Enfin, lorsqu’un travailleur quitte son employeur, comment la portabilité de ce compte est-elle assurée ? Dans un cadre interprofessionnel, ce serait éventuellement possible. Au niveau du secteur ou de l’entreprise, c’est plus compliqué. De même, si un travailleur se retrouve avec un compte très fourni, cela pourrait constituer un frein à l’embauche.

 

3. Les préconisations de la Ligue des familles

Dans la mesure où le compte épargne-carrière, prévu dans la loi Peeters, sera mis en place prochainement, la Ligue des familles quelques balises visant à en atténuer les effets négatifs identifiés au travers des 4 points critiques identifiés.

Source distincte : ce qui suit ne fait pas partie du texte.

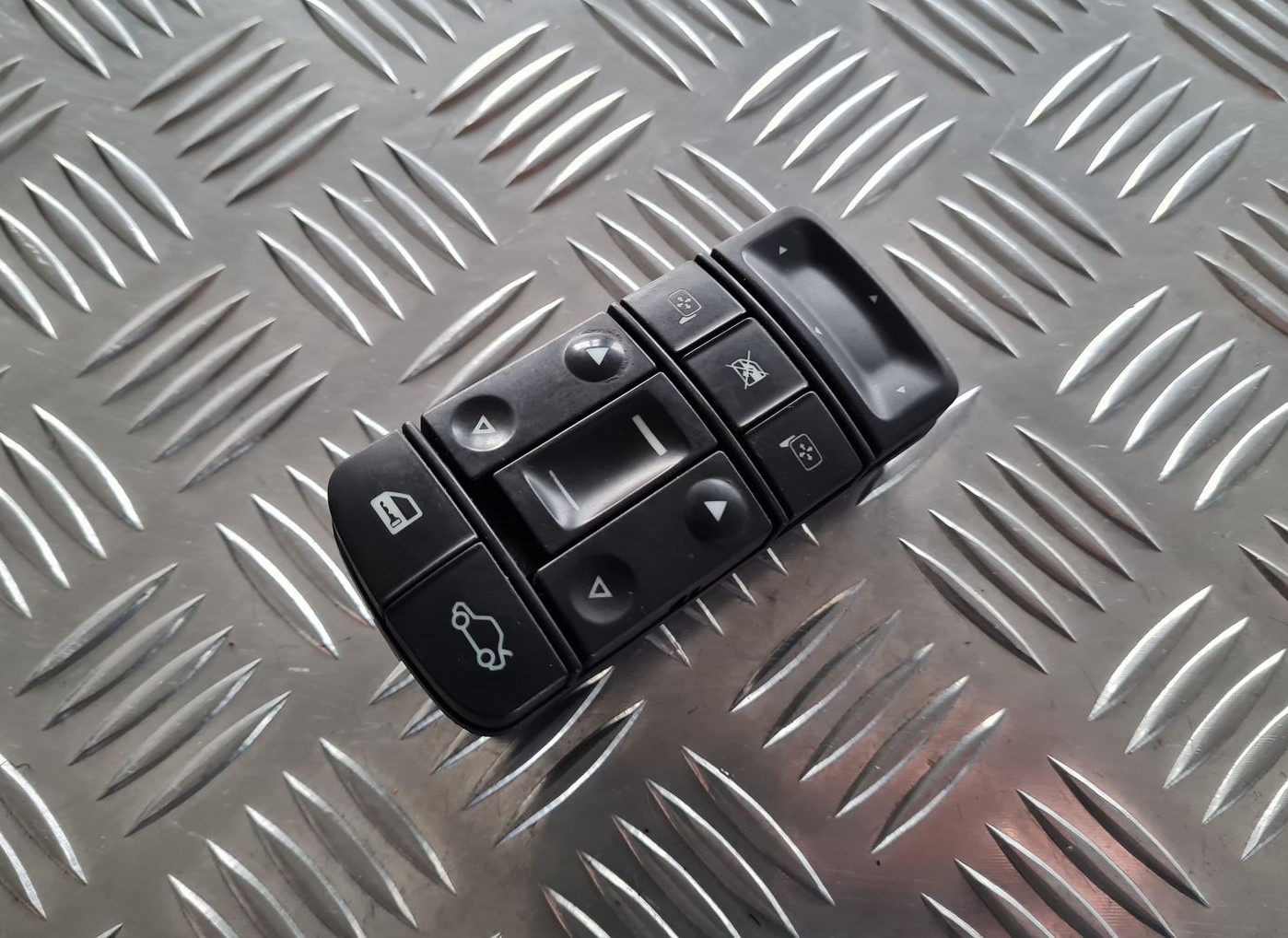 Šofera durvju slēdža pogas priekš OPEL VECTRA C 2002 2 Šofera durvju slēdža pogas priekš OPEL VECTRA C 2002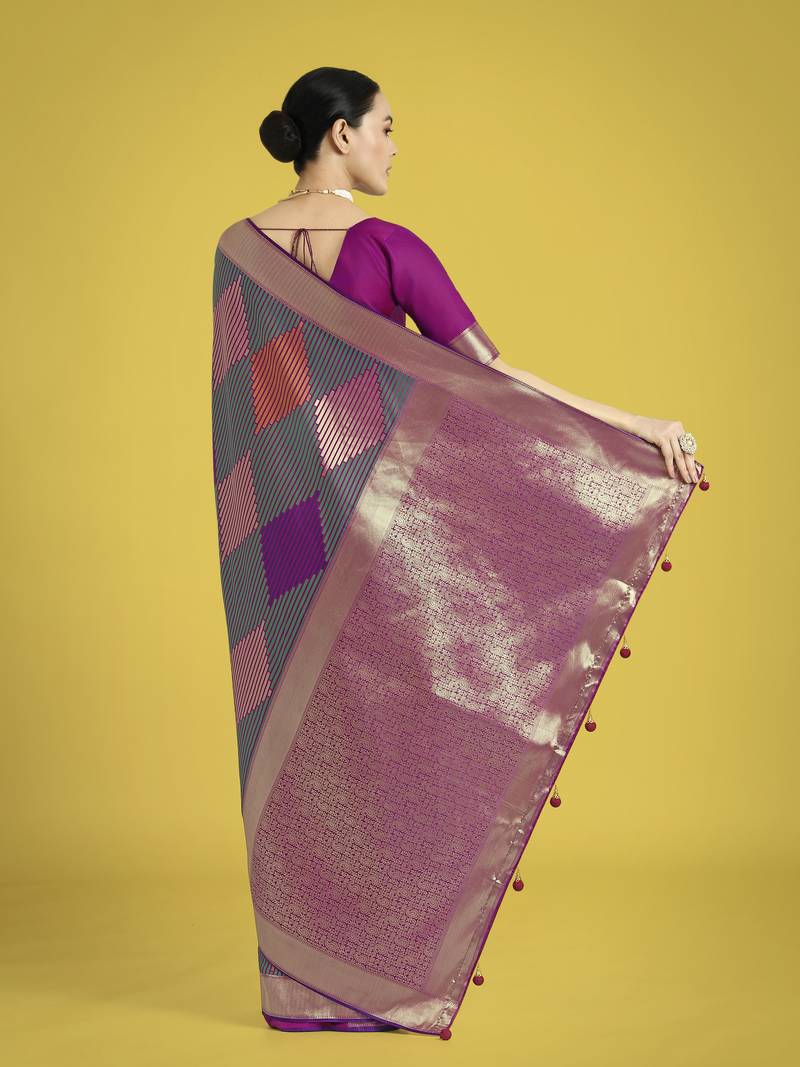 teal green silk blend banarasi jacuard work saree with unstitched blouse piece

  • Un cadre intersectoriel plutôt que sectoriel : nous pensons qu’une CCT intersectorielle permettra d’éviter certains problèmes comme la portabilité du compte ou la gestion financière de celui-ci.
  • Une gestion publique du compte : le compte épargne-carrière devrait être géré par un fonds public, à l’image de l’Office National des Vacances Annuelles. La gestion publique du compte garantirait une équité et une égalité de traitement.
  • Une évaluation après 1 an en termes d’impact sur l’égalité entre les hommes et les femmes.  Sachant que l’utilisation de ce compte aura des effets différenciés sur les hommes et sur les femmes, nous demandons une évaluation après un an pour mesurer ces impacts. Nous demandons l’application du gender mainstreaming pour la gestion et l’utilisation du compte, telle que c’est prévu au niveau législatif fédéral.   
  • Un caractère facultatif : le compte épargne-carrière doit rester une mesure facultative. Chaque travailleur doit avoir la liberté d’y souscrire ou non. Cet outil ne doit en aucun cas se muer en instrument de pression de la part des employeurs.
  • Des garde-fous sur l’utilisation du compte : nous préconisons un compte libellé en temps et non pas en argent. Seuls les congés extralégaux pourraient être épargnés. Incorporer les heures supplémentaires à ce compte reviendrait à augmenter le temps de travail et à mettre la pression sur le travailleur.
  • Améliorer le système des congés parentaux : il est nécessaire de construire des politiques structurelles qui visent à donner plus de temps aux parents. Partant, nous plaidons pour rendre le congé parental plus attractif, via une meilleure rémunération notamment. Nous proposons également de rendre le congé de paternité obligatoire et, par la suite, de l’allonger.

 

Avis rédigé le 28 mars 2017 à Bruxelles

 

Personnes de contact :

François Bertrand, responsable du service d’études
f.bertrand@liguedesfamilles.be

Delphine Chabbert, secrétaire politique
d.chabbert@liguedesfamilles.be
0478/ 77 05 95

 


[1] Baromètre des Parents 2016, Ligue des familles, Décembre 2016, pp.15-16. www.laligue.be

[2] CLARINVAL, D., Proposition de Résolution instaurant un compte carrière, Chambre des Représentants, Doc :53.2124/000, 2013, p21.

[3] DEBRUMETZ, E., VANHOLLEBEKE, L., L’écart salarial diminue, mais le temps partiel reste un piège pour les femmes, 28/06/2016. En ligne : www.presscenter.org

[4] ANCIAUX, B., Le compte épargne-temps est-il une opportunité pour les travailleurs ?, Institut Emile Vandervelde, Etat de la question, Décembre 2015, p.8.